I'm always looking for ways to make gardening easier.
Over the years, we've gone from spending countless hours in the hot sun weeding, digging and planting, to limiting our garden work to early morning or after dinner, and even then taking frequent breaks. We do less digging, find better ways to control weeds and add fewer new plants to the garden each season.
As we get older, what we want from our gardens has changed as well. The landscape is evolving from all those high-maintenance blooming plants we tended to all summer to lower maintenance trees and shrubs. The vegetable garden has gotten smaller and the amount we preserve for the winter grows less and less each year.
While we aren't yet ready to give up our garden completely, we make adjustments to the amount of work it takes to maintain the gardens that still make us happy to spend time in our backyards.
To make gardening easier, we find ourselves choosing different plants. Xeriscaping, a practice most often used in the southwest where water is scarce, is defined as growing plants that require the least amount of water for conservation. But I like to think of it as growing plants based on their needs. I've altered my own version of xeriscaping to our little area of the world because not counting this year, we aren't often concerned with the conservation of water.
Once during a particularly heavy storm, I mentioned to a friend in California that we had nearly three inches of rainfall in an hour.
''That is the amount we get in a year,'' she said.
While I don't want to be living in the middle of a desert, I have learned to appreciate the amount of precipitation we get in northeast Ohio.
So my own version of xeriscaping means that if I have a particularly wet area in the yard, which I do, then that is the place to put water loving plants, such as bald cypress and willow trees, fothergilla, inkberry (Ilex glabra), or sweetspire (Itea virginica).

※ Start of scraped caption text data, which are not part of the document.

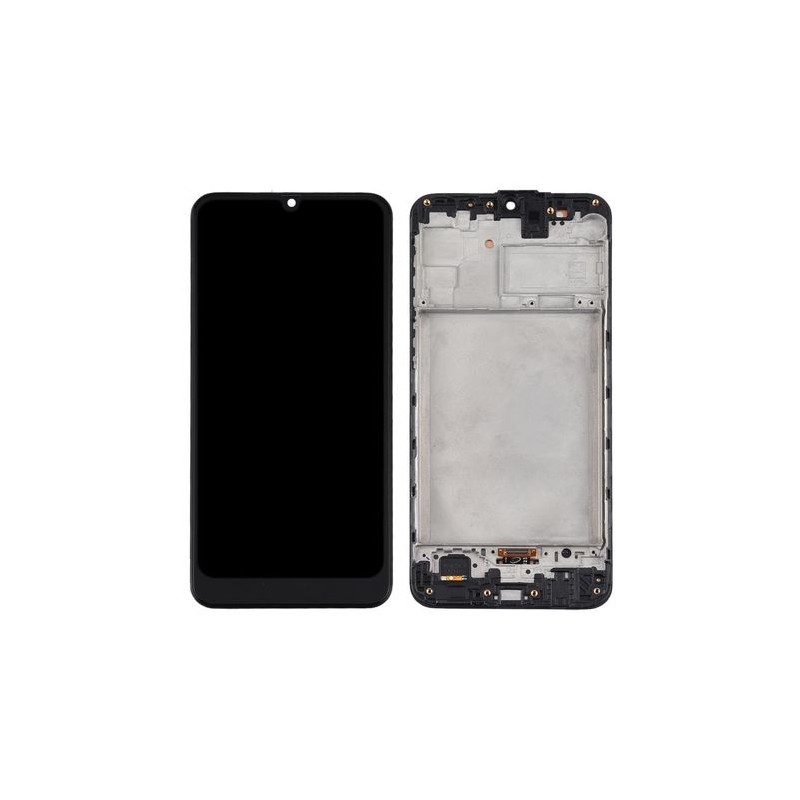 &Eacute;cran Amoled Original Samsung Galaxy M31 / M21s / F41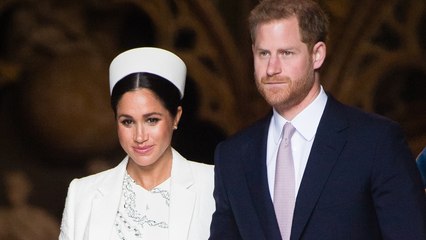 Meghan Markle et le Prince Harry débarquent sur Instagram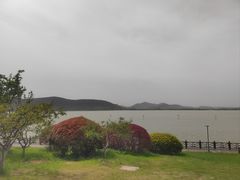 -云龙湖旅游景区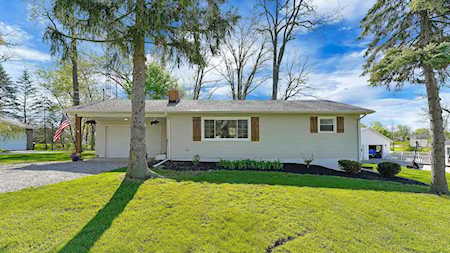 2223 Cherokee Drive London, OH 43140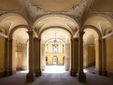 Palazzo Gazelli di Rossana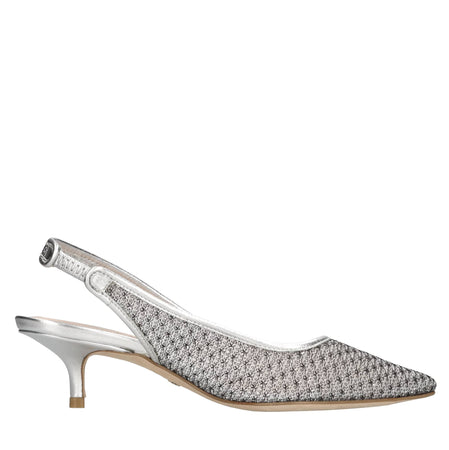 Stuart Weitzman Scarpe con Tacco Multicolour da donna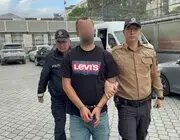 Evinde Ölü Bulunan Gencin Arkadaşı Gözaltına Alındı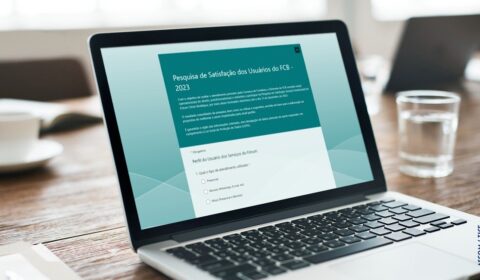 Fórum Clóvis Beviláqua inicia pesquisa de satisfação para avaliar atendimento à população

I could put in some water loving perennials, and I already have wild Joe Pye Weed growing nearby, but I there are also perennials such as cardinal flower, astible and Ligularia stenocephala, ''The Rocket.'' Where the sun gives way to shade closer to the tree line are the ferns, many of which were there before I came here. Even in the driest of summers, this area at the back of the property has pockets of moisture due to low-lying areas near the river.

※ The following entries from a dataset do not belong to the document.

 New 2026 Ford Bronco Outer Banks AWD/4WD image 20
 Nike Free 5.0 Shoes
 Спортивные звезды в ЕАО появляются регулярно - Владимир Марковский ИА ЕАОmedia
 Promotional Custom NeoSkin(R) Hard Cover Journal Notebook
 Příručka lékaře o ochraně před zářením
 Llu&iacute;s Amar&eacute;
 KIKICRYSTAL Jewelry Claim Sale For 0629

Our property slopes, from the high, drier sections of the yard to those lower lying wet patches. The dry areas are closer to the house, where the water runs downhill and are perfect for plants that don't need much moisture.
Since the drainage is good in these higher landscapes, my choices are greater, but as I mentioned earlier, we are looking to cut down on high maintenance plants, so many of the perennials requiring attention each season are being replaced by low maintenance, colorful conifers and shrubs.
The areas are still peppered with perennials that need attention, including autumn sedum that needs cut back each month until mid-July when it is left to set flowers for September, or the creeping phlox (moss rose) that grows over the stones lining the fish pond. There is Lady's Mantle and daylilies of several shades of orange and yellow and a lovely goatsbeard with high white plumes in spring.
Those areas over the years have been home to tall stands of hollyhocks, beebalm, and the shortlived but just as lovely, butterfly bush (Buddleia), as well as Shasta daisies, coneflower, colorful yarrows and fragrant lavender.
I often miss those plants and think of bringing them back to the garden, but then I remember the thinning, weeding, mulching, dividing, insect invasions and powdery mildew.
I haven't stopped gardening, in fact, each year we still spend quite a bit of time in the yard, although not as much as 20 or even 30 years ago. Even as our garden habits have changed, gardens themselves are ever-changing.